Problem details =
Repeat the entries that follow verbatim, without any of their pictures.
====== Data for this task ======
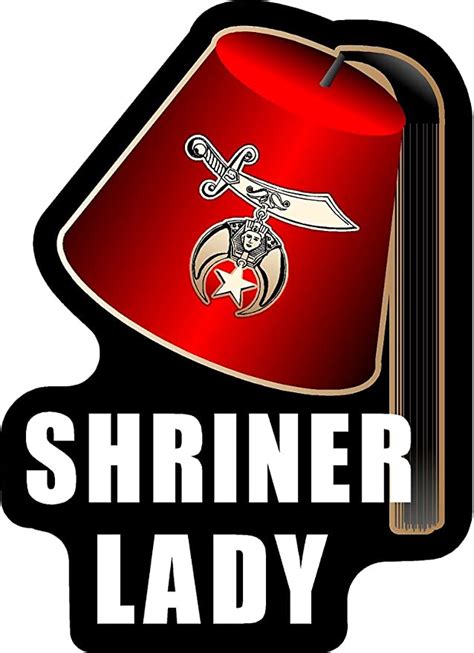 Amazon Prosticker V One Masonic Series Shriner Lady Shriner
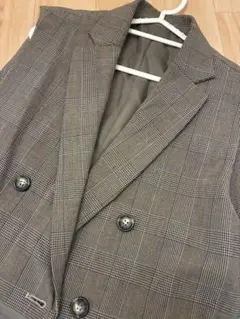 グレンチェック ジャケット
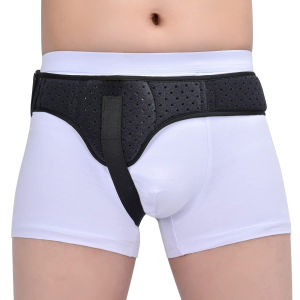 Mens Medical Hernia Support Belt Adjustable Waist Strap With Detachable Pad For Inguinal Sports Hernia Relief Breathable Design
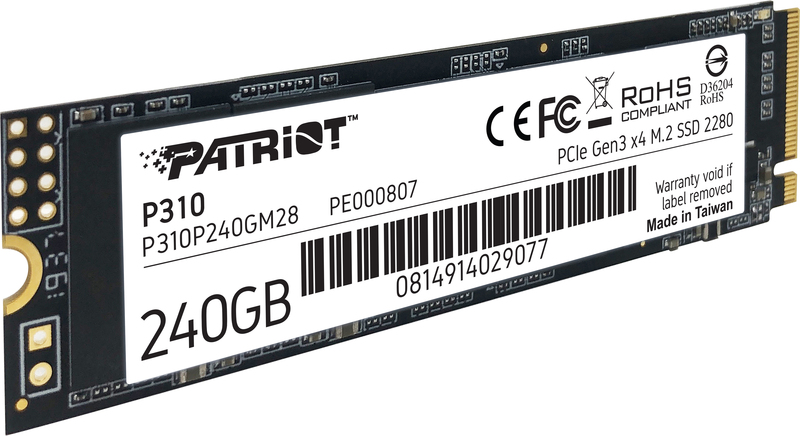 Patriot p310 m 2 240gb m 2 4 orig - Patriot P310 240GB M.2 PCIe 3.0 NVMe SSD
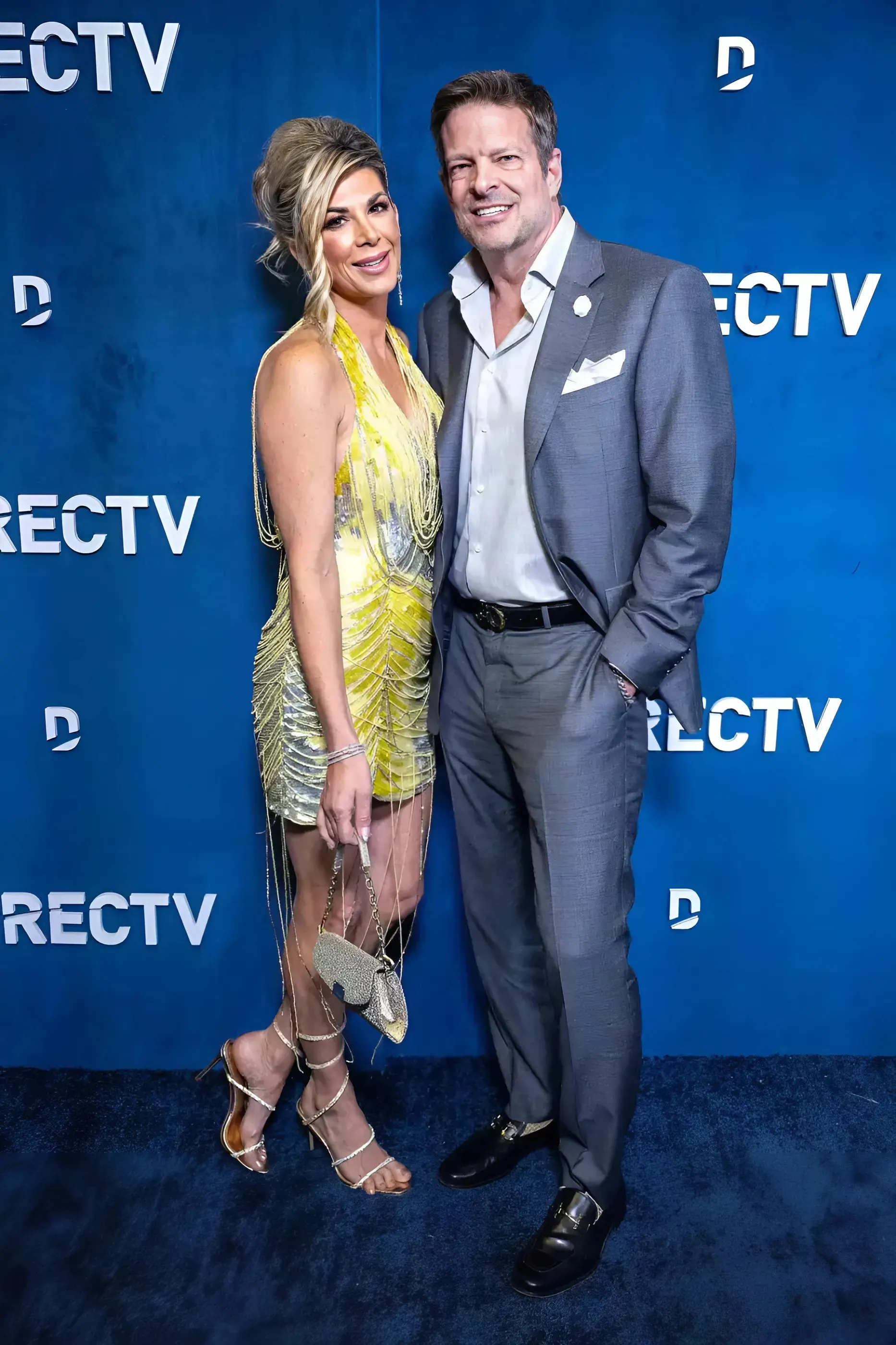 Alexis Bellino and John Janssen return to where they first met in celebration of one-year anniversary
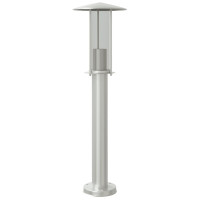 Produktbild för Utomhusgolvlampa silver 60 cm rostfritt stål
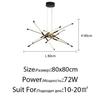 Modern Minimalist Living Room Pendant Lamp Creative Restaurant Bar Chandelier Luxury Bedroom Study Lights Combination Luminaire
======
Solution to this problem =
 Amazon Prosticker V One Masonic Series Shriner Lady Shriner
 グレンチェック ジャケット
 Mens Medical Hernia Support Belt Adjustable Waist Strap With Detachable Pad For Inguinal Sports Hernia Relief Breathable Design
 Patriot p310 m 2 240gb m 2 4 orig - Patriot P310 240GB M.2 PCIe 3.0 NVMe SSD
 Alexis Bellino and John Janssen return to where they first met in celebration of one-year anniversary
 Produktbild för Utomhusgolvlampa silver 60 cm rostfritt stål
 Modern Minimalist Living Room Pendant Lamp Creative Restaurant Bar Chandelier Luxury Bedroom Study Lights Combination Luminaire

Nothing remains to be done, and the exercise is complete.